#### [WHAT TO DO]
Only one portion of the data is to be written out: from the line bearing "77UB Novelty Paper" through the line bearing "Isometric Cross Tower". Write it exactly as it appears.

#### [DATA EXTRACT]
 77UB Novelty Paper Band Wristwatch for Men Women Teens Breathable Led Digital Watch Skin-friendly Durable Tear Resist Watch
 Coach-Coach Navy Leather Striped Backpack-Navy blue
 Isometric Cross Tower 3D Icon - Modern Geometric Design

==

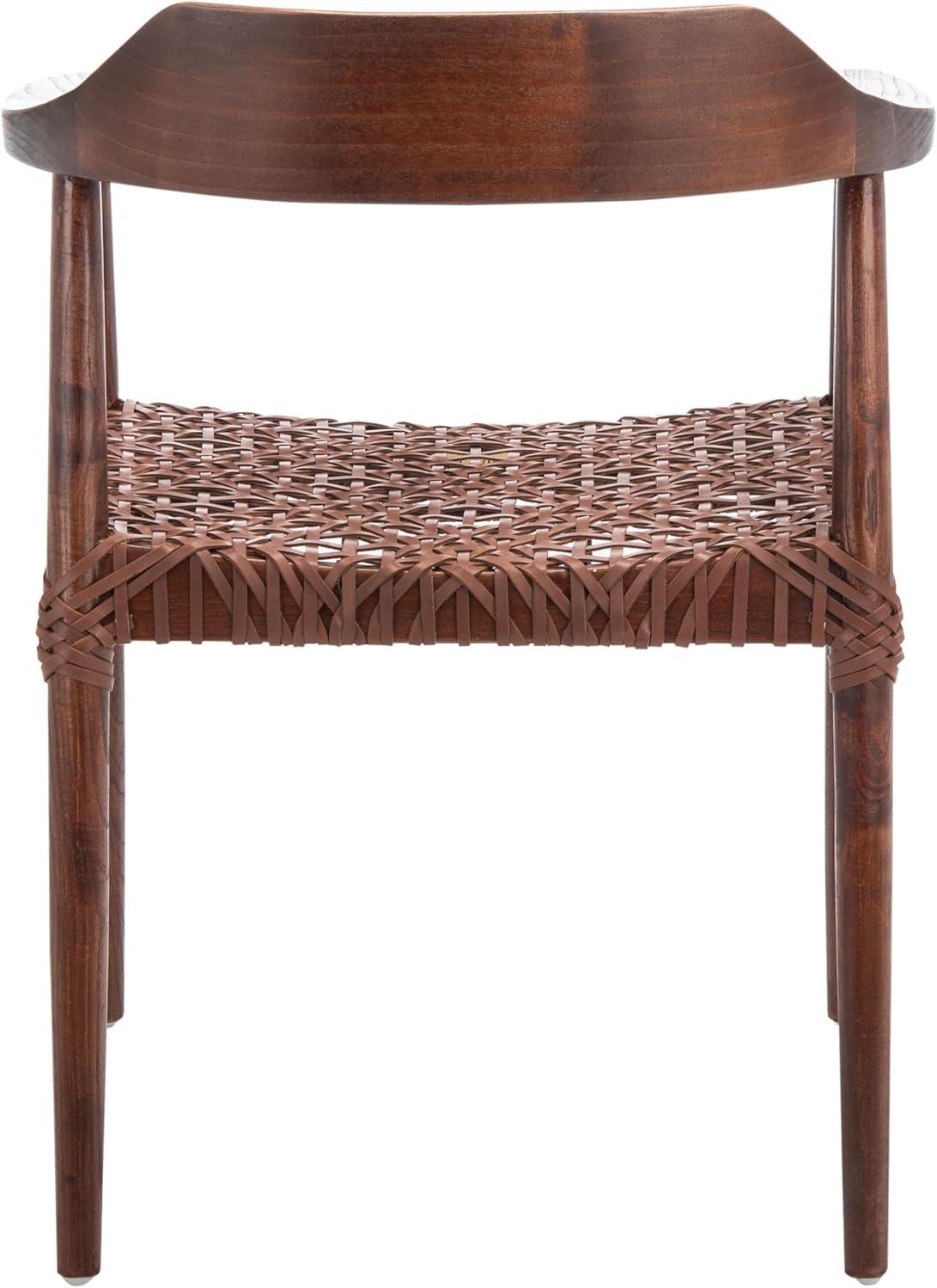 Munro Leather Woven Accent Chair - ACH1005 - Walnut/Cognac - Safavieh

#### [YOUR SOLUTION]
 77UB Novelty Paper Band Wristwatch for Men Women Teens Breathable Led Digital Watch Skin-friendly Durable Tear Resist Watch
 Coach-Coach Navy Leather Striped Backpack-Navy blue
 Isometric Cross Tower 3D Icon - Modern Geometric Design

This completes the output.